Harman did land a position as chair of the Homeland Security Committee's Subcommittee on Intelligence, Information Sharing and Terrorism Risk Assessment. From that spot, her considerable experience in intelligence and national security will showcase her, while she tries to rebuild her relationship with the speaker.
Meanwhile, Rep. Brad Sherman (Sherman Oaks) has earned a choice seat on the Judiciary Committee and the chairmanship of the Foreign Affairs Committee's Subcommittee on Terrorism, Nonproliferation and Trade. He has staked out a tough position on Iran's potential acquisition of nuclear weapons, calling it a far greater threat than Iraq ever posed.
For Feinstein and Boxer, the world looks a little different. Individual senators are extremely important, regardless of their committee positions. But the Senate majority rests precariously on one vote, that of Sen. Joseph Lieberman, a different sort of Jewish Democrat.

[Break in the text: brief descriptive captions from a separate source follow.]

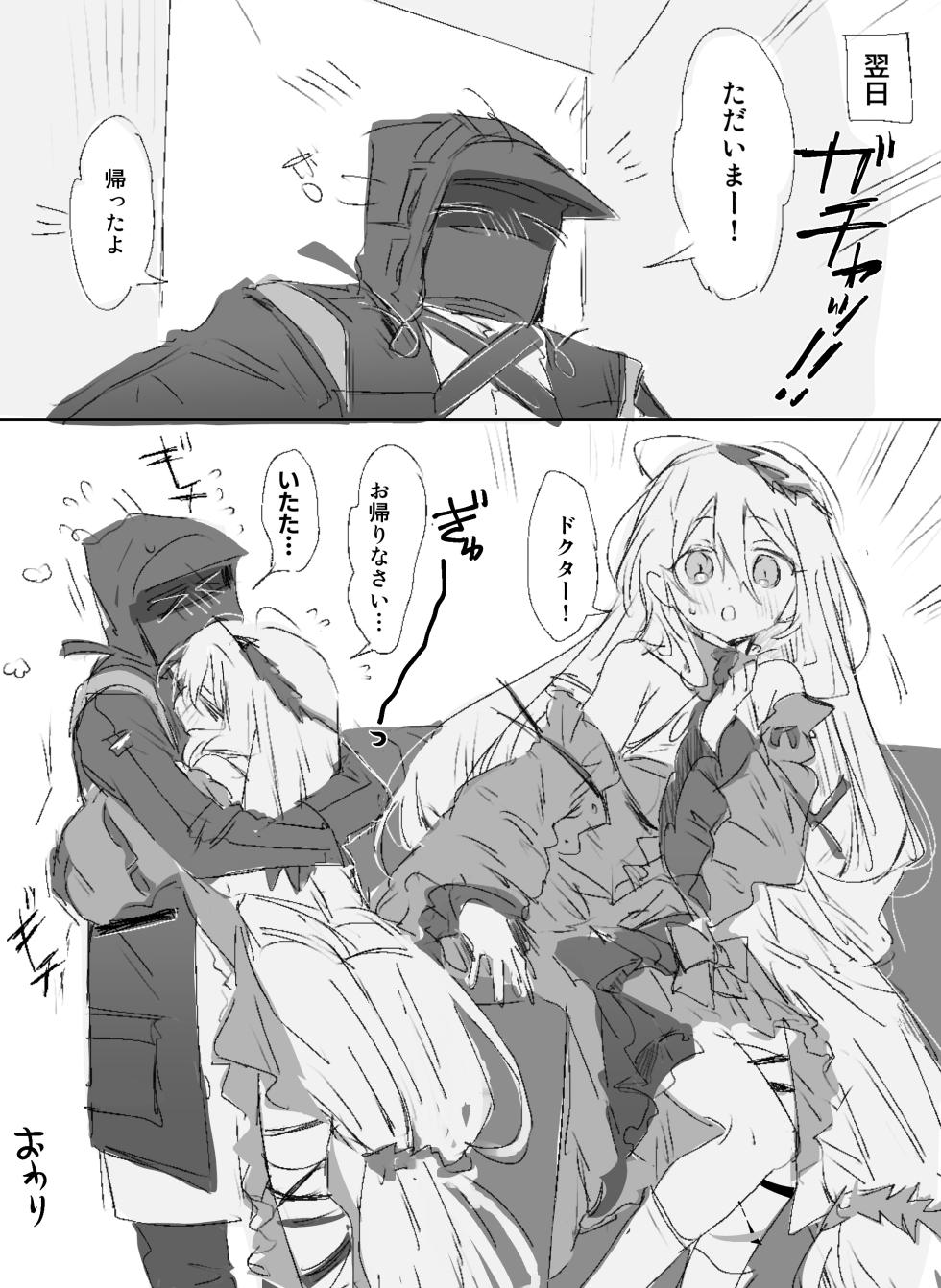 [ラピス] 濁心スカジ 4ページ - Page 4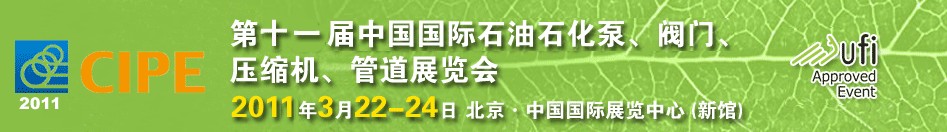 2011第十一屆中國國際石油石化泵、閥門、壓縮機、管道展覽會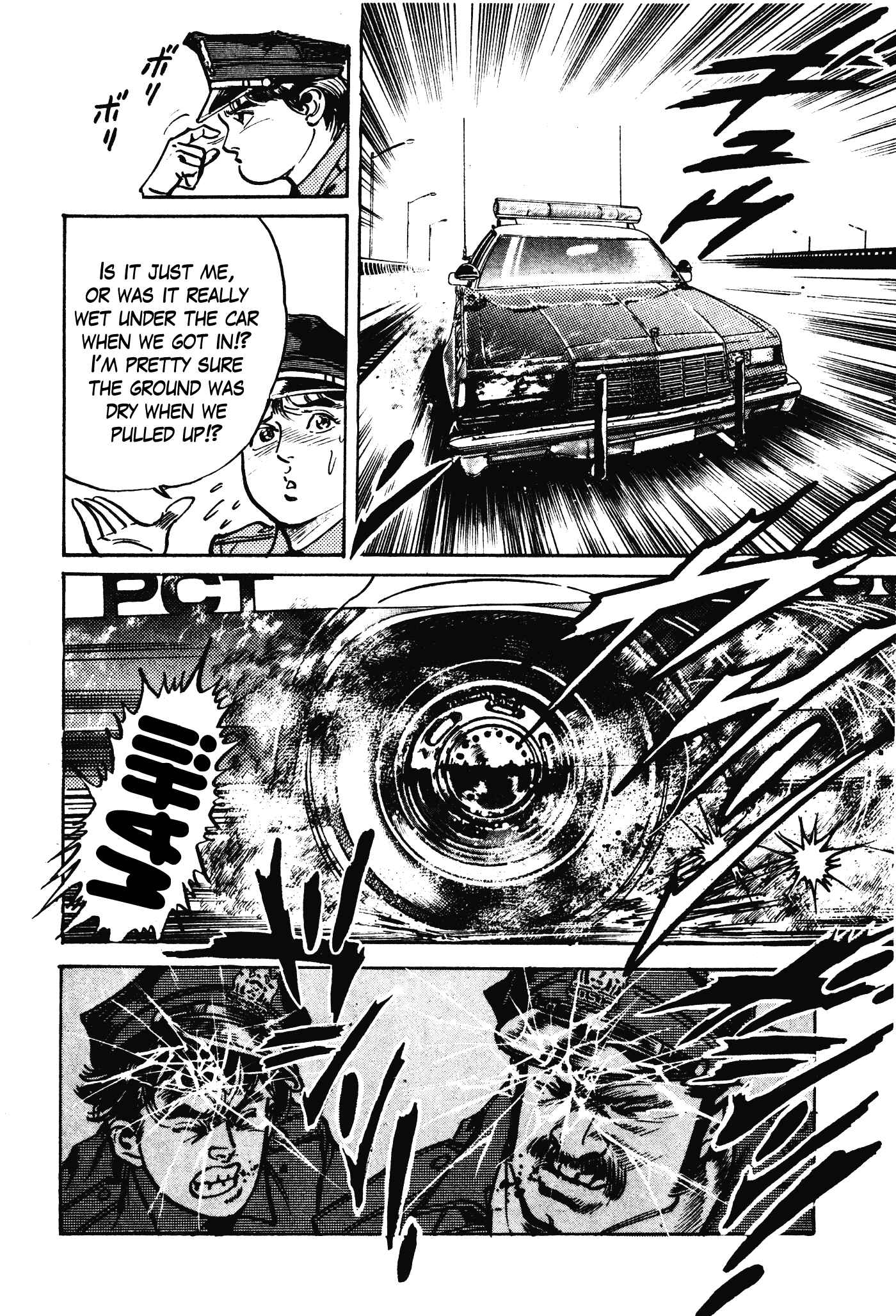 Page 38 Chapter 5 Mad★Bull 34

While winning re-election as an independent in very blue Connecticut, Lieberman appeared to be critical of President Bush's Iraq policy. Once back in office, he has taken to implying that the president's critics are lending "aid and comfort" to our enemies.
His fellow Democrats fear that he wants to join the Republicans and thereby swing control of the Senate back. Boxer, ever vigilant to electoral challenges as the more liberal of the two senators, can hear rumors that Gov. Arnold Schwarzenegger might run for her seat in 2010. And yet, even with these unknowns, as senators they have great authority and public attention.
The two Senators will not only have key committee positions (Feinstein on Intelligence and Appropriations, Boxer as chair of the Environment and Public Works Committee) but access to national media. Expect Feinstein to play a leading role in the Iraq debate and other military matters, and Boxer to be central to discussions about education, choice and the environment. Much of the social agenda of the Bush administration has been conducted quietly through administrative decisions (such as imposing limits on family planning in international programs), a situation that can only be rectified by active congressional oversight.
A great unknown is the political impact of America's relationship with Iran on these leading Jewish Democrats. They have all become vocal opponents of the Iraq War, despite, in some cases, being initially supportive.
Iran presents a different case. Supporters of Israel consider Iran to be a profound threat, especially if it should acquire nuclear weapons.
Bush and Vice President Dick Cheney appear to be laying the groundwork for possible war with Iran. Based on the Iraq experience, few have much confidence in the ability of the Bush administration to handle this crisis well.
Yet Jewish Democrats will still want to make sure that Iran's nuclear ambitions are not realized. Perhaps these California Democrats, some of whom are on pivotal national security committees or subcommittees, can craft a wise but forceful policy with Iran that can win public support and prevent another catastrophic foreign policy failure.
Having these long-serving members back in positions of power is going to make a real difference in national government. They have seen it all, from having great impact to being in the doghouse. Like athletes who know how hard it is to win a championship, they will be careful not to waste a second of their time at the top. They will question and probe, inquire and complain. An administration unused to being challenged will face oversight every working day.
But more than that is going on. Congressional elections always set the tone for the next presidential election, and 2006 has set the stage for 2008. California Jews, especially in the Los Angeles area, will play a significant role in that contest.